What the task asks. Begin at the top of the records below and return each line exactly through the line with "Nissan Qashqai DIG-T". Skip pictures.
··· Provided records
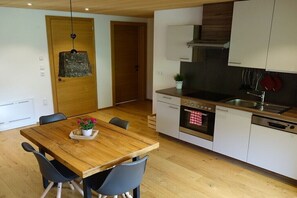 Wasserkocher mit Kaffee-/Teezubehör, Kühlschrank, Ofen, Herdplatte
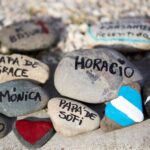 Marcha de las Piedras: Nación construirá un memorial con las ofrendas de familiares a los muertos de Covid-19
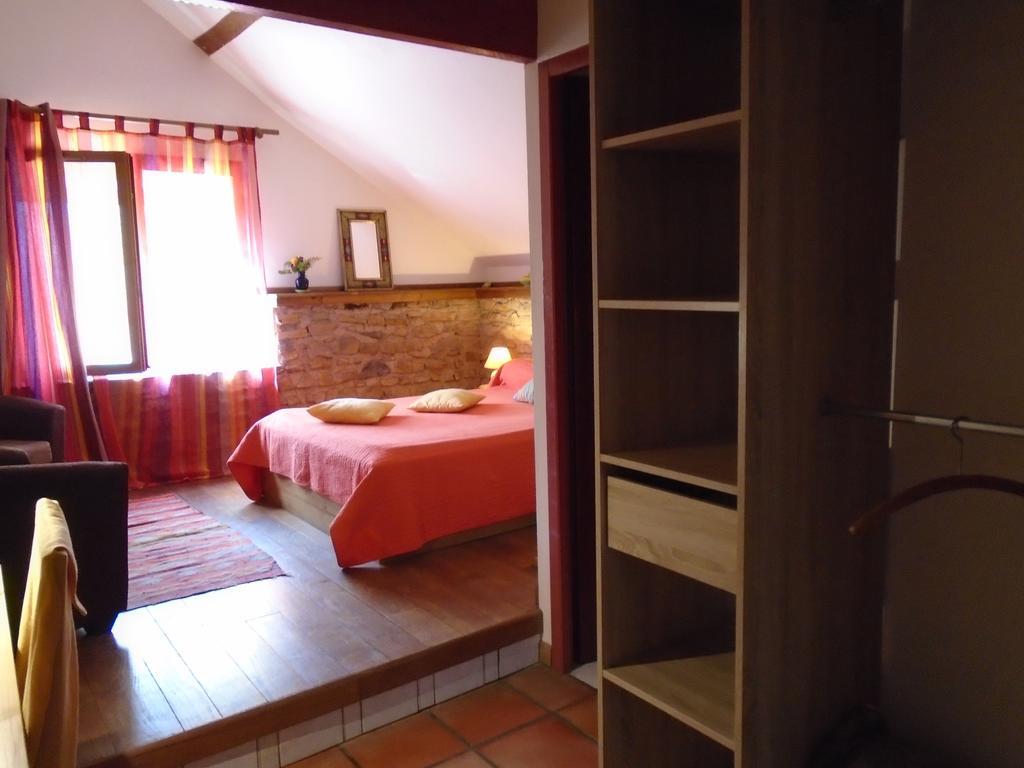 La Ferme Aux Sangliers - Micalet Villa Issor Eksteriør bilde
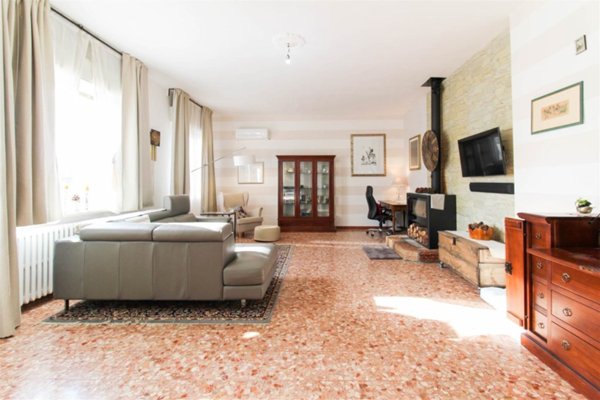 appartamento in vendita a Cecina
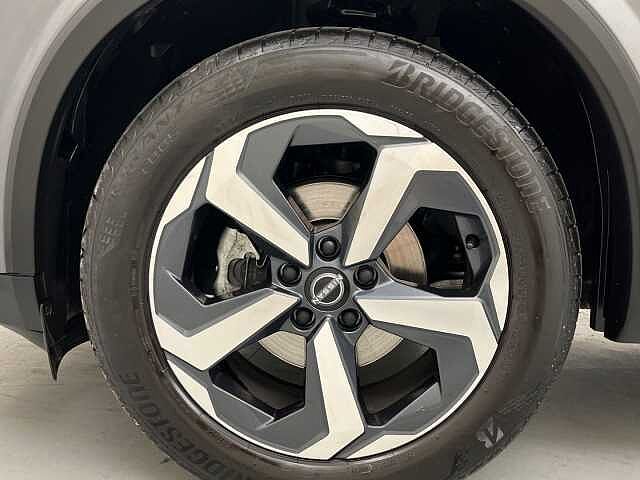 Nissan Qashqai DIG-T 140 mHEV N-Connecta 4x2 103 kW (140 CV)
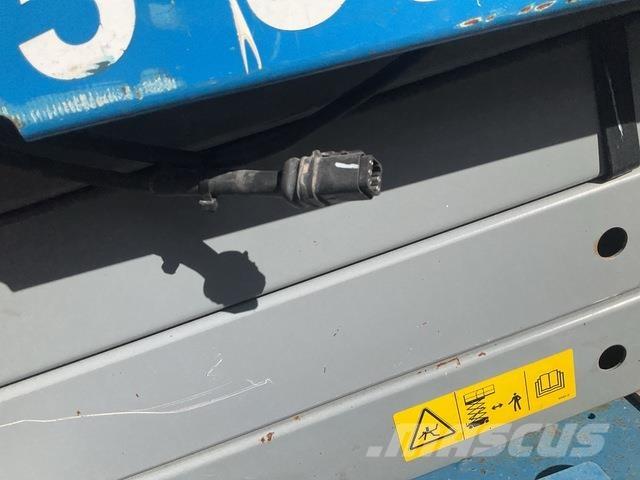 Genie GS1932 剪式升降機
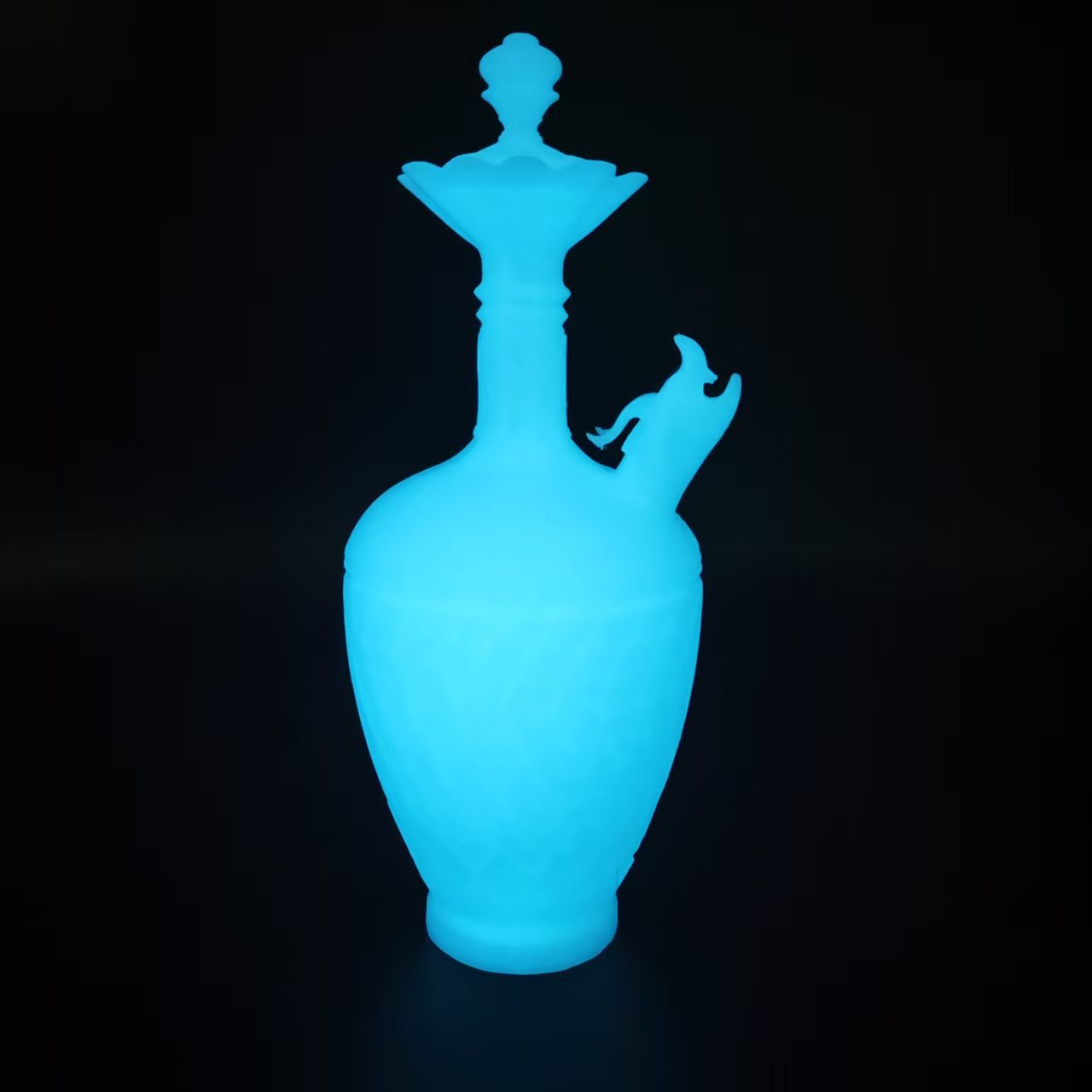 Acción del delta rara colección de botellas de porcelana blancas, botellas de porcelana famosas, materiales rojos, colecciones de regalos, juegos de IP periféricos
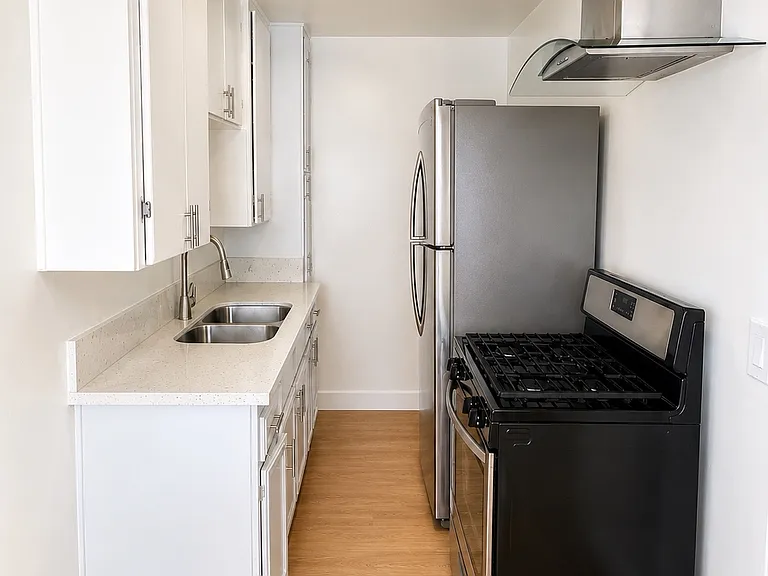 345 E 20th St #3 — Photo 9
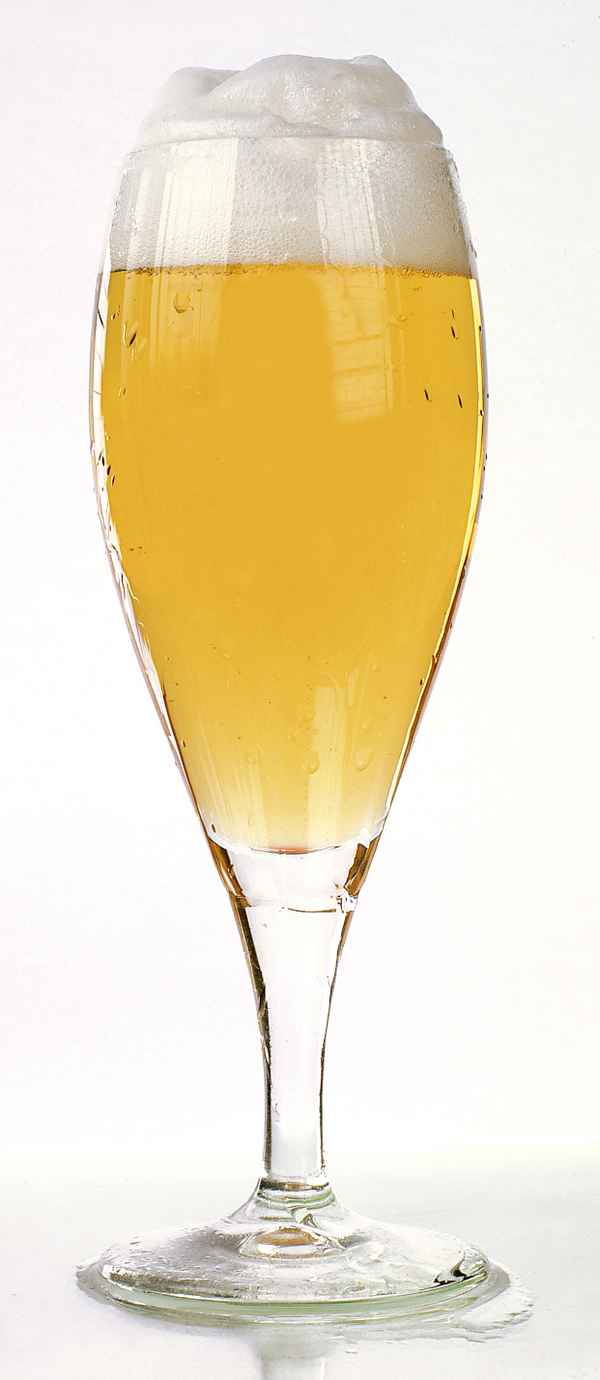 Ein kühles Blondes im Glas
······
Reply.
 Wasserkocher mit Kaffee-/Teezubehör, Kühlschrank, Ofen, Herdplatte
 Marcha de las Piedras: Nación construirá un memorial con las ofrendas de familiares a los muertos de Covid-19
 La Ferme Aux Sangliers - Micalet Villa Issor Eksteriør bilde
 appartamento in vendita a Cecina
 Nissan Qashqai DIG-T 140 mHEV N-Connecta 4x2 103 kW (140 CV)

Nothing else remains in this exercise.